Every line of the data below should be retyped exactly, with no images carried over.

Given material
--

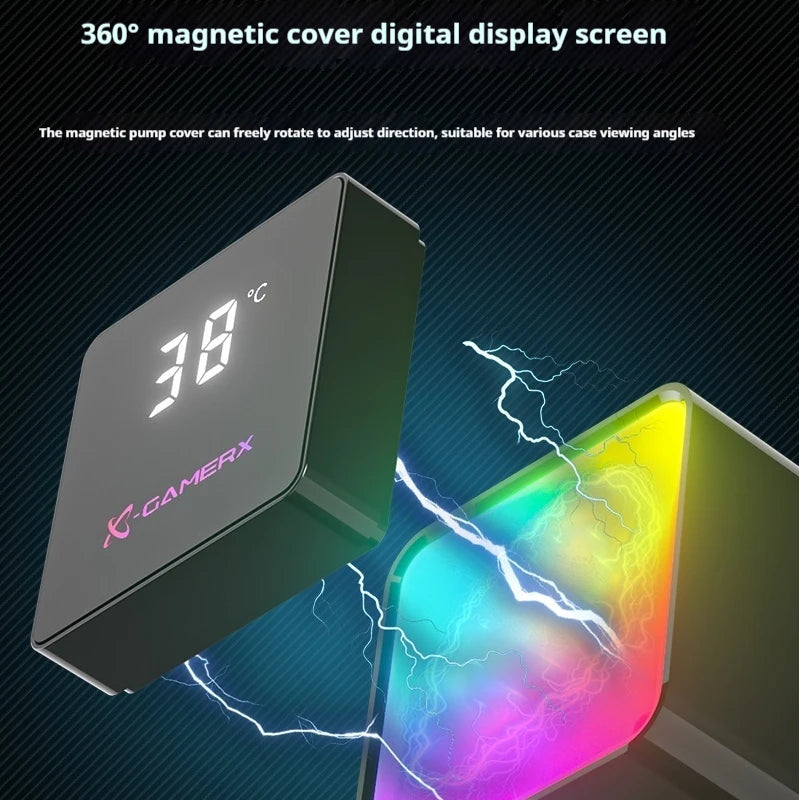 PowerTrain X-GAMERX M360 Liquid Cooler Global ARGB Light Effect 360° Magnetic Cover Digital Display Screen Water Cooler 360mm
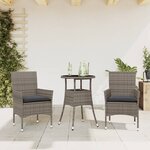 vidaXL Ensemble à manger de jardin et coussins 3 Pièces gris rotin verre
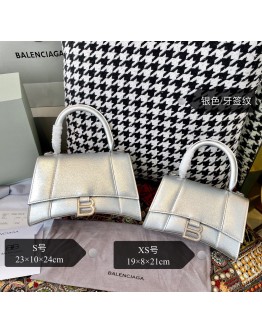 Balenciaga Hourglass  Bag in Shiny Silver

--

Solution to this problem
 PowerTrain X-GAMERX M360 Liquid Cooler Global ARGB Light Effect 360° Magnetic Cover Digital Display Screen Water Cooler 360mm
 vidaXL Ensemble à manger de jardin et coussins 3 Pièces gris rotin verre
 Balenciaga Hourglass  Bag in Shiny Silver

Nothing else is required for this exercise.